In brief
- Hyperliquid temporarily paused Arbitrum-based deposits and withdrawals.
- A community-owned vault suffered nearly $5 million in losses.
- Onlookers attributed the loss to a potentially malicious Popcat trader.
Hyperliquid traders using Arbitrum-based infrastructure were temporarily unable to make deposits or withdrawals on Wednesday, as the decentralized exchange for perpetual futures appeared to respond to a series of potentially malicious Popcat trades.
Blockchain researcher Conor Grogan was among onlookers on X who said withdrawals were “processing normally” again, less than a couple of hours after Hyperliquid’s users began peppering the project’s Discord server with questions about a potential attack.
“The blockchain is not under maintenance,” an admin for Hyperliquid’s discord server who goes by iliensinc said. “The Arbitrum bridge is temporarily paused. Other deposits and withdrawals should be unaffected.”
Previously, members of Hyperliquid’s Discord server had shared screengrabs of a notice from Hyperliquid’s website, saying “USDC deposits and withdrawals from the Arbitrum bridge are paused for maintenance.”
A community-owned “vault” on Hyperliquid, where users can deposit funds, lost $4.9 million on Wednesday, according to the exchange’s website. The loss was linked to positions being liquidated on the exchange by an individual who goes by MLM on X.
Using $3 million in stablecoins, an individual entered into $20 million worth of long positions across 19 wallets, MLM said. The individual, who was betting on the price of meme coin Popcat to increase, was later liquidated, forcing the community-owned vault to step in, MLM said.
MLM said that Hyperliquid “manually closed the position,” but not before the meme coin’s falling price caused notable losses for the community-owned vault.
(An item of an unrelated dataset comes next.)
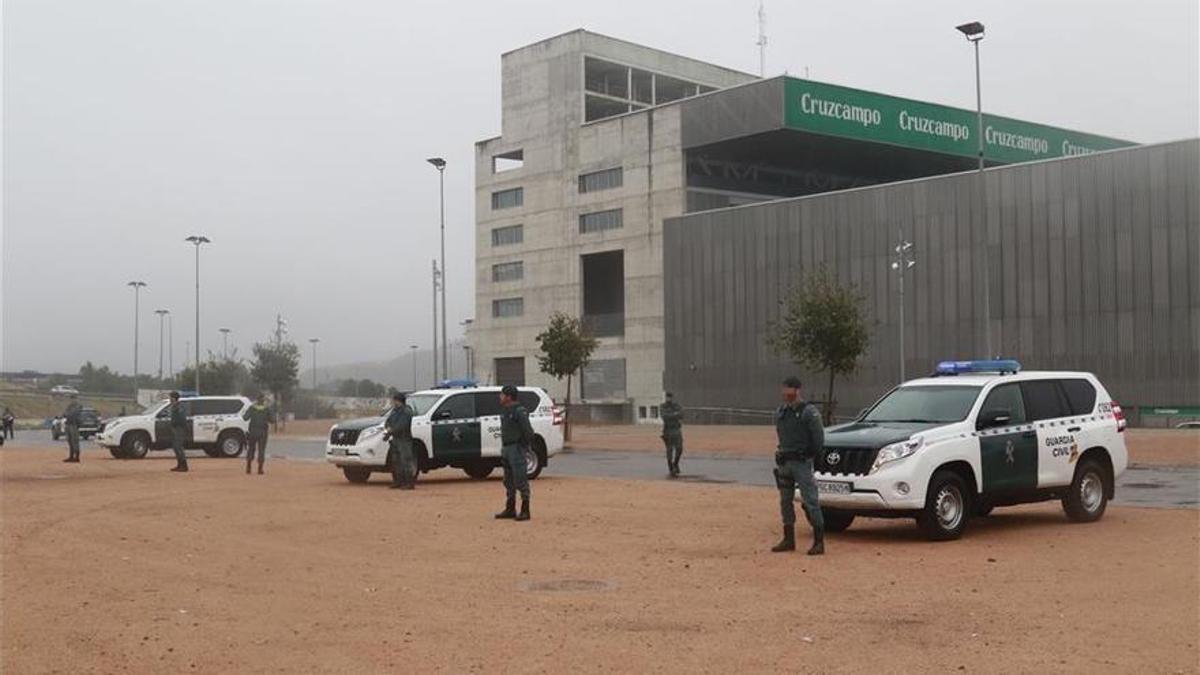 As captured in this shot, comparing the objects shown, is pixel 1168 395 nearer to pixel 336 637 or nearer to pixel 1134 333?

In recent months, users’ liquidations have caused temporary setbacks for the vault.
The dynamic also led Hyperliquid to delist Solana-based meme coin JELLYJELLY, provoking criticism that the exchange is not as decentralized as people may think.
MLM claimed that the Popcat-linked activity was “clearly a deliberate attempt to mess” with Hyperliquid and the community-owned vault, but the situation hadn’t been acknowledged by the decentralized exchange yet, as of this writing.
Hyperliquid’s status page details no recent incidents, but a transaction on Ethereum layer-2 scaling solution Arbitrum shows an “EmergencyLock” function was triggered.
Decrypt has reached out to Hyperliquid.
Popcat has a market capitalization of $136 million, according to crypto data provider CoinGecko. Although the meme coin’s price had risen 5.6% to $0.13 over the past day, the Solana-based token’s price was still down 91% over the past year.